Page:Œuvres de Vauvenargues (1857).djvu/516

La bibliothèque libre.
Le texte de cette page a été corrigé et est conforme au fac-similé.


638. [J’approuverais fort la science universelle, si les hommes en etaient capables ; mais j’estime plus un menuisier, qui sait son métier, qu’un bavard, qui pense tout savoir, et qui ne possède rien.]

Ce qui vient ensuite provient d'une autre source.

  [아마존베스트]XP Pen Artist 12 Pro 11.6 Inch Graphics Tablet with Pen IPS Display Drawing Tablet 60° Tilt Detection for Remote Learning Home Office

639. [On n’a jamais chargé l’esprit des hommes d’autant de connaissances inutiles et superficielles qu’on le fait aujourd’hui ; on a mis à la place de l’ancienne érudition une science d’ostentation et de paroles. Qu’avons-nous gagné à cela ? Ne vaudrait-il pas mieux être encore pédant comme Huet, et comme Ménage ?]

640. [Les gens du monde ont une espèce d’érudition : c’est-à-dire qu’ils savent assez de toutes choses pour en parler de travers. Quelle manie de sortir des bornes de notre esprit et de nos besoins, pour charger notre mémoire de tant de choses inutiles ! Et par quelle fatalité faut-il, qu’après avoir guéri d’un respect exagéré pour la vraie érudition, nous soyons épris de la fausse ?]

641. [Le duel avait un bon côté, qui était de mettre un frein à l’insolence des grands[1] ; aussi, je m’étonne qu’ils n’aient pas encore trouvé le moyen de l’abolir entièrement.]

642. [Le peuple en vient aux mains pour peu de chose ; mais les magistrats et les prêtres ne poussent jamais leurs querelles jusqu’à cette indécence. La noblesse ne pourrait-elle en venir à ce point de politesse ? Pourquoi non, puisque déjà deux corps aussi considérables y sont parvenus ?]

643. [Si quelqu’un trouve que je me contredis, je reponds : Parce que je me suis trompé une fois, ou plusieurs fois, je ne prétends point me tromper toujours.]

644. [Quand je vois un homme engoué de la raison, je parie aussitôt qu’il n’est pas raisonnable.]

  1. Voir la note de la page 160. — G.